INSTRUCTIONS TO FOLLOW
No pictures belong in the copy. Restate the rest of the data exactly.

RECORDS TO PROCESS
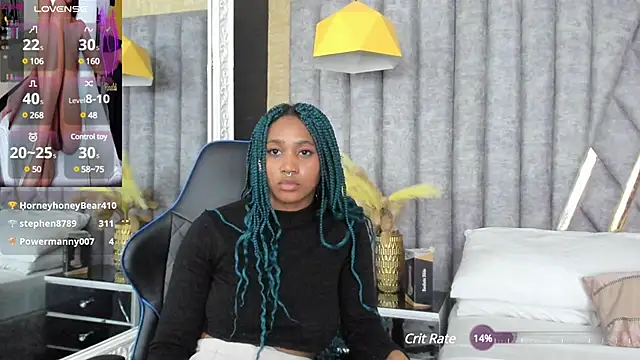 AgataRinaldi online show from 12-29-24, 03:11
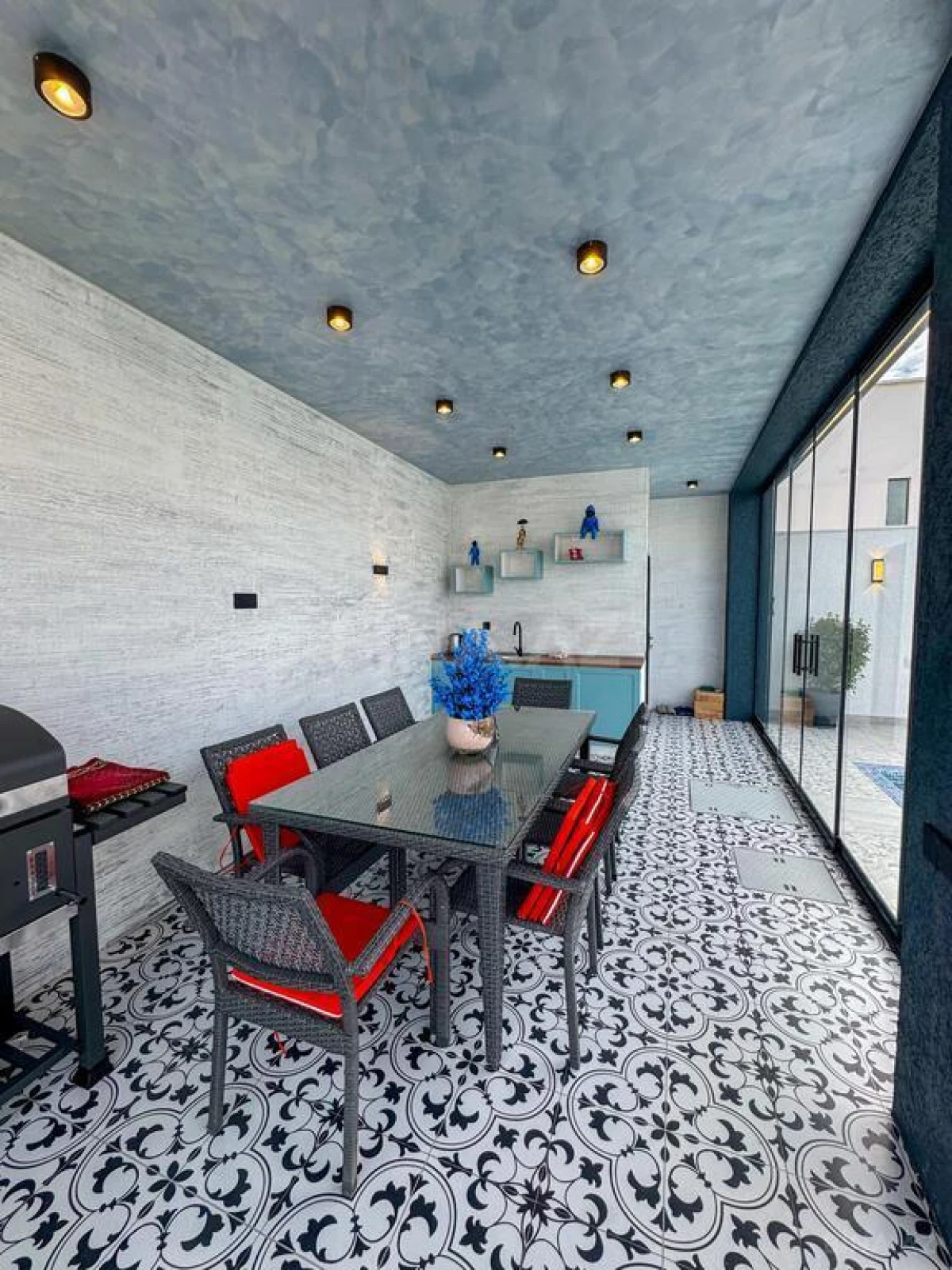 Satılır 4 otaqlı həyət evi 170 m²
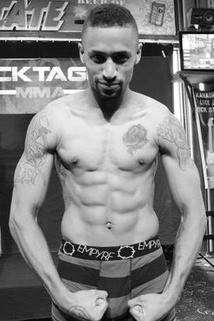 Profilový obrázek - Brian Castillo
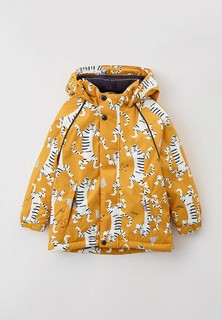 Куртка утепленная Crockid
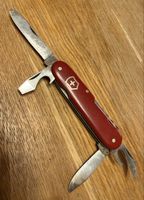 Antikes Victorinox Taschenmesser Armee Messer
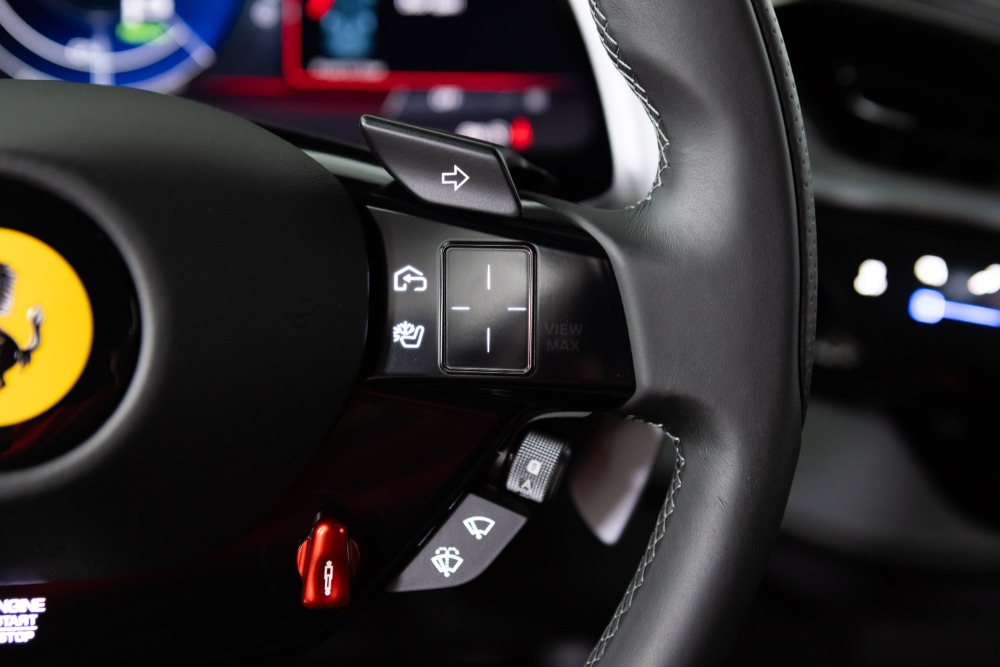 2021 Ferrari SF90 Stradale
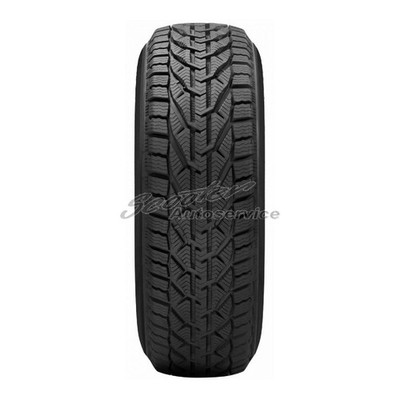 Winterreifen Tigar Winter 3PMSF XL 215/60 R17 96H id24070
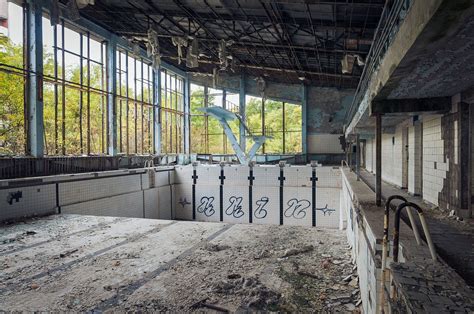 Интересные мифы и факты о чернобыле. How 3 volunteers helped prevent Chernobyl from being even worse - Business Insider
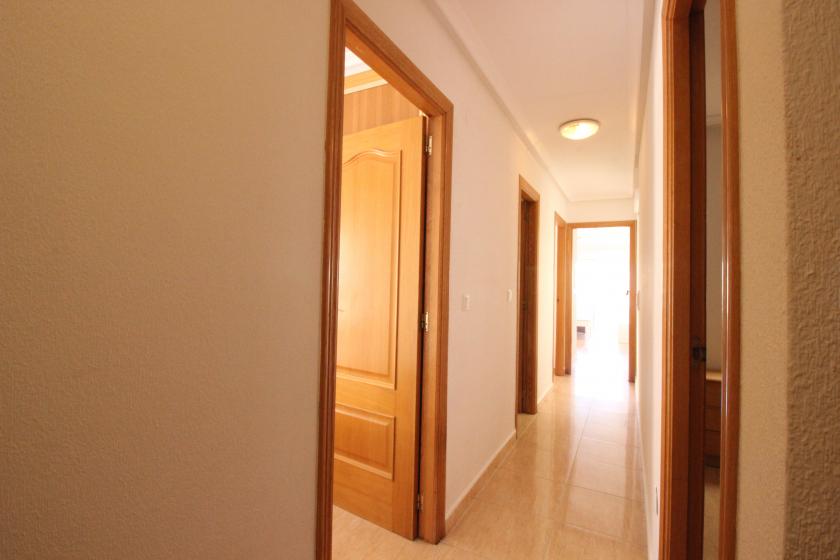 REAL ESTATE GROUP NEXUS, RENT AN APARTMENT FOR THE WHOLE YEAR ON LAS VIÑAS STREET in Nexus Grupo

WRITTEN ANSWER
 AgataRinaldi online show from 12-29-24, 03:11
 Satılır 4 otaqlı həyət evi 170 m²
 Profilový obrázek - Brian Castillo
 Куртка утепленная Crockid
 Antikes Victorinox Taschenmesser Armee Messer
 2021 Ferrari SF90 Stradale
 Winterreifen Tigar Winter 3PMSF XL 215/60 R17 96H id24070
 Интересные мифы и факты о чернобыле. How 3 volunteers helped prevent Chernobyl from being even worse - Business Insider
 REAL ESTATE GROUP NEXUS, RENT AN APARTMENT FOR THE WHOLE YEAR ON LAS VIÑAS STREET in Nexus Grupo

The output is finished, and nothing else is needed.